HxD_DasmDataInspectorPlugin icon indicating copy to clipboard operation
HxD_DasmDataInspectorPlugin copied to clipboard

Ignored bits only ignored when not set

Open exodustx0 opened this issue 2 years ago • 5 comments

I'm writing an ISA definition which has instructions that ignore some bits. How I'm writing it now: 50,0000,FF1F,H,U,,,,"JFS ?"

The log file states a successful parsing of the instruction, yet this instruction always disassembles to "invalid". That seems like a bug to me.

I do have a temporary workaround: 50,0000,FF1F,H,U,00E0,,,"JFS ?"

This explicitly specifies the bits that are ignored (meaning that there's currently no way to define an instruction with two operands and ignored bits). This works, but should ideally not be necessary. Could the plugin be updated to handle this case automatically?

exodustx0 avatar Jun 21 '22 16:06 exodustx0

Hi. Thanks for identifying and reporting the issue you have come across.

Can you please give more information on the JFS instruction definition?

In trying to recreate the problem I have tried your original definition: 50,0000,FF1F,H,U,,,,"JFS ?"

With this, a 3 byte sequence of 50 00 00 appears to correctly? generate: JFS $0000

The difficulty I'm having trying to understand the problem is that each OperandMask is intended to extract a single Operand value only. Based on the ISA's that I have experienced so far, I have expected that a single Operand value would comprise a single consequative sequence of masked bits.
i.e. In your example case, with a 16 bit OperandBytes ("0000"), then a mask specifying a single Operand Value (bit sequence) of between 1 and 16 bits would be expected. On this basis, by providing a mask of "FF1F", a single extracted Operand value would be 16 bits long, with 3 bits of the extracted 16 bit value being masked-out (to always be zero).

Are you instead expecting that the single mask "FF1F" should equate to two seperate Operand bit sequences? i.e. An 8 bit Operand value (masked by FF00) and a seperated 5 bit Operand Value (masked by 001F).

As noted, the code will currently produce a single full 16 bit Operand, with the integral zero mask bits simply reflecting three zero bit value within the resulting 16 bit Operand. Hence why my recreation test delivered: JFS $0000

If equated as two seperate Operand bit sequences, do these two seperate Operand values have two seperate purposes? Or, are they supposed to be concatenated into a single 13 bit value (with the three zeroed bits removed), although it doesn't appear logical to have a single Operand "value" spread across multiple seperated bit sequences?

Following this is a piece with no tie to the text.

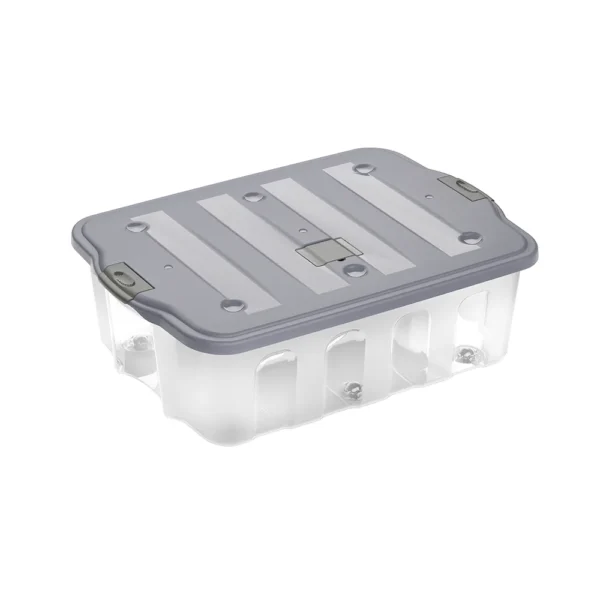 Caixa plástica transparente com tampa Practiline BigBox 78 Lt Cinza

More information on the ISA involved and the full JFS instruction definition will likely answer this more clearly for me.

DigicoolThings avatar Jun 21 '22 21:06 DigicoolThings

In trying to recreate the problem I have tried your original definition: 50,0000,FF1F,H,U,,,,"JFS ?"

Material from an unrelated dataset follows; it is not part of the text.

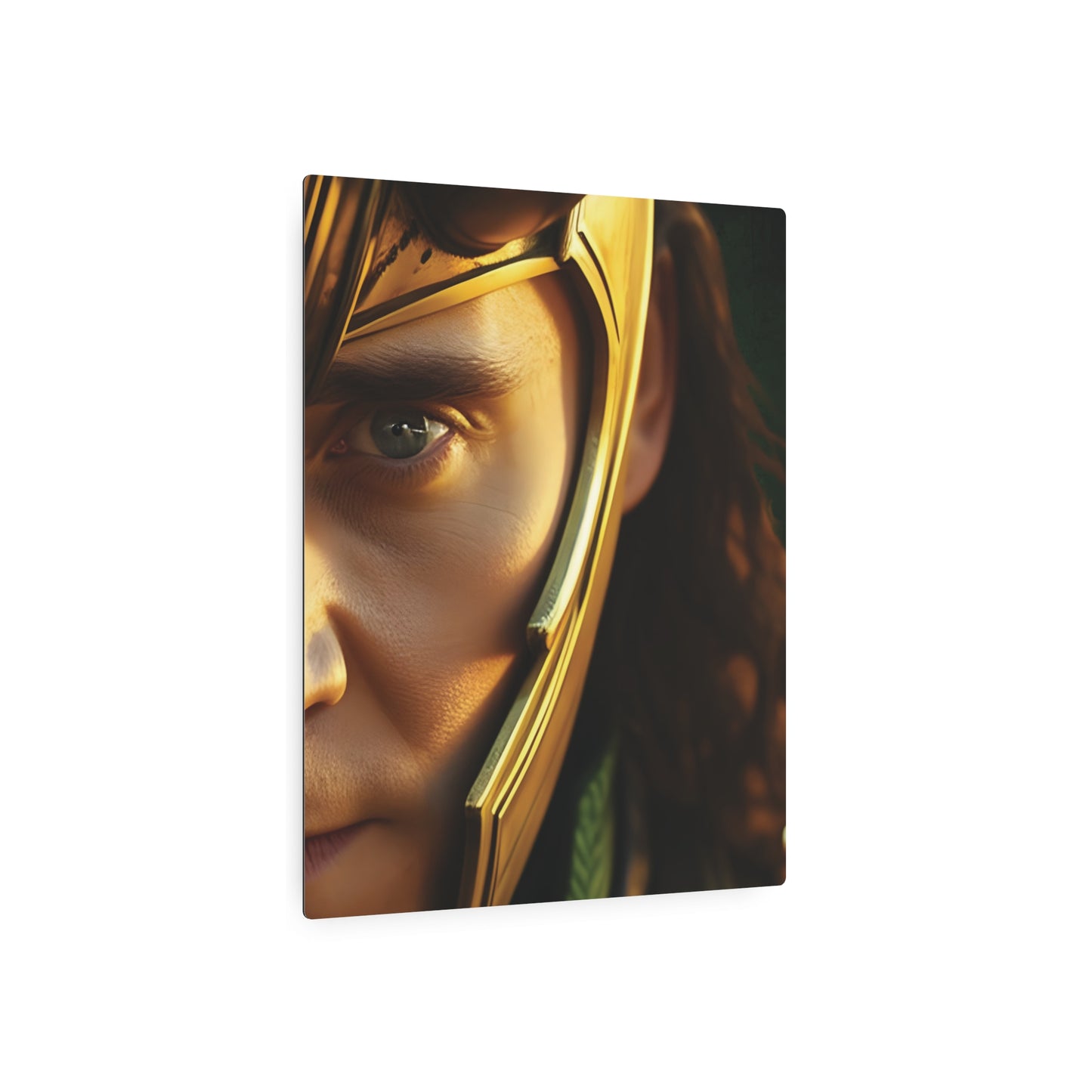 Marvel Loki Metal Art Poster capturing the essence of Loki's character with a focus on his intense gaze and decorative headpiece, crafted in exquisite matte aluminium for sophisticated decor.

With this, a 3 byte sequence of 50 00 00 appears to correctly? generate: JFS $0000

Ah, yeah I hadn't realised that it works for some situations. It specifically gives "invalid" when any of the to-be-ignored bits are set, so 50 44 46 for example gives "invalid". My apologies for the improper testing.

Can you please give more information on the JFS instruction definition?

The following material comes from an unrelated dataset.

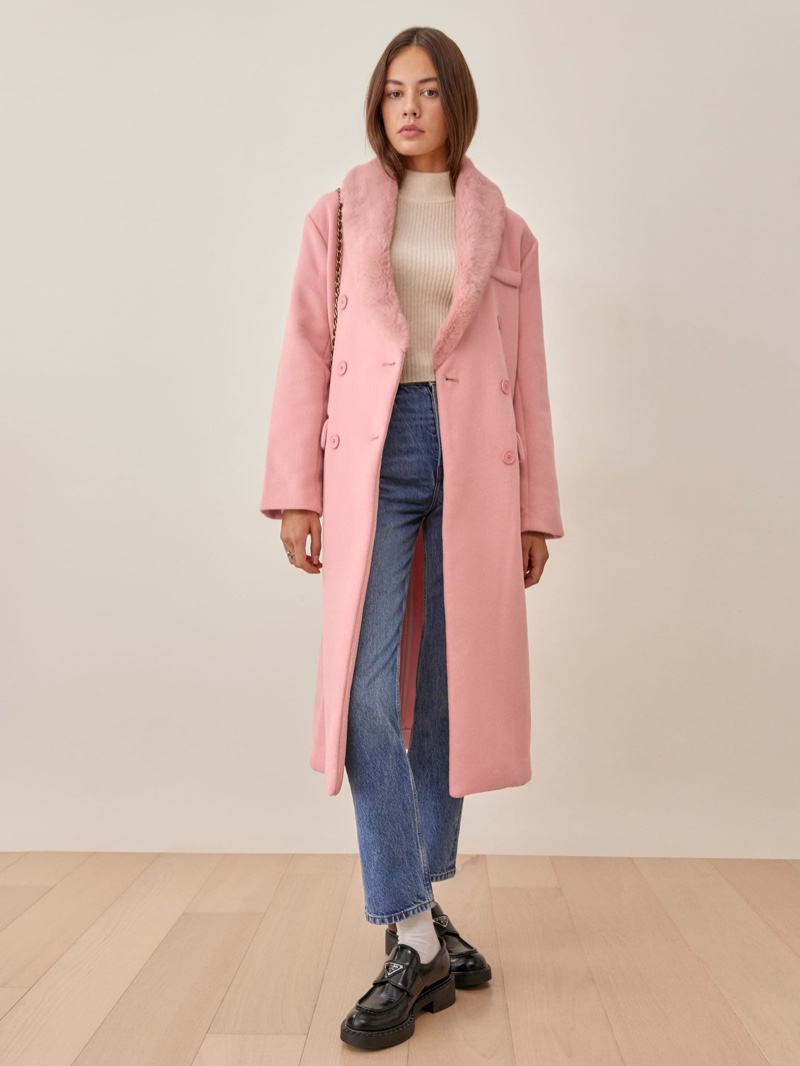 Reformation Lester Coat in Pink $348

It's from the 8-bit, little endian Intel 8008 ISA. All jump and call instructions take a 14-bit address, meaning that the two most significant bits of the 2nd operand byte are ignored; the 8008 manual specifically labels these bits as "don't care". As such, when I specify a mask of FF3F (yep, my bad, hadn't spotted that error yet; my original comment assumed a 13-bit value) and no other mask for 00C0, I expect those unused bits to be ignored, regardless of whether they're set or not.

exodustx0 avatar Jun 22 '22 01:06 exodustx0

Hi,

Okay, I have now replicated what you are seeing.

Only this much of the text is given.